Manuela Nevaci is Senior Researcher I at “Iorgu Iordan – Al. Rosetti” Institute of Linguistics of the Romanian Academy; Professor and PhD conductor at University of Bucharest, specialist in dialectology, linguistic geography, Balkanology. Publications: The verb in Aromanian. Structure and Values, 2006, Publishing House of the Romanian Academy; Romanian Identity in the Balkan Context, Bucharest, 2013, Publishing House of the National Museum of Romanian Literature; Syntheses of Romanian Dialectology (with Nicolae Saramandu), 2013, Publishing House of the University of Bucharest; Romanian Linguistic Atlas on regions. Synthesis, vol. II, III, 2012, 2018 (coordinator: Nicolae Saramandu), Publishing House of the Romanian Academy; Atlas Linguarum Europae (ALE). Volumes I.8, I.9., 2014, 2015, Publishing House of the University of Bucharest; Linguistic Atlas of the Aromanian dialect, vol. I, II, (Nicolae Saramandu, author and Manuela Nevaci, editor), 2014, 2020, Publishing House of the Romanian Academy.
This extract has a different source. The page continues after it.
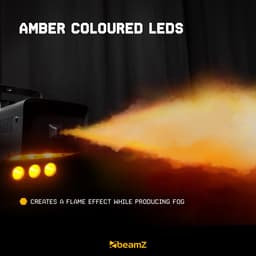 Rookmachine - BeamZ RAGE600LED met vlameffect en 5 liter rookvloeistof — thumbnail 4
Florin-Teodor Olariu is a senior researcher at the Department of Dialectology and Sociolinguistics, the “Alexandru Philippide” Institute of Romanian Philology – the Iasi Branch of the Romanian Academy. He works at the priority project of the Romanian Academy The New Romanian Linguistic Atlas by Regions. Moldavia and Bukovina and coordinates the researches for The Audio-Visual Linguistic Atlas of Bukovina, a pilot-project for Romanian geolinguistics. Areas of competence: Romanian dialectology, sociolinguistics (sociolinguistics of migration, minority languages sociolinguistics), geolinguistics (computerization of linguistic cartography), pragmalinguistics (conversation analysis, sociopragmatics), corpus linguistics (spoken and dialectal corpora).
Nicolae Saramandu is corresponding member of the Romanian Academy, Senior researcher I at “Iorgu Iordan – Al. Rosetti” Institute of Linguistics of the Romanian Academy; Professor emeritus and PhD conductor at University of Bucharest. He has a long experience in dialect research, as well as in the development of regional, national and international linguistic atlases. He was a scholarship holder of the “Alexander von Humboldt” Foundation at University of Tübingen. He was lecturer and visiting professor at the universities of Freiburg, Bamberg and Marburg. He is the president of Atlas Linguarum Europae and he coordinated the publication of several works: Linguistic Atlas of the Aromanian dialect, Romanian Linguistic Atlas by Regions – Synthesis, Megleno-romanian Dictionary, Toponymic dictionary of Romania – Muntenia. Throughout the 59 years of scientific research in the Romanian Academy, he presented over 200 communications at international congresses and he has published more than 300 articles in specialized journals.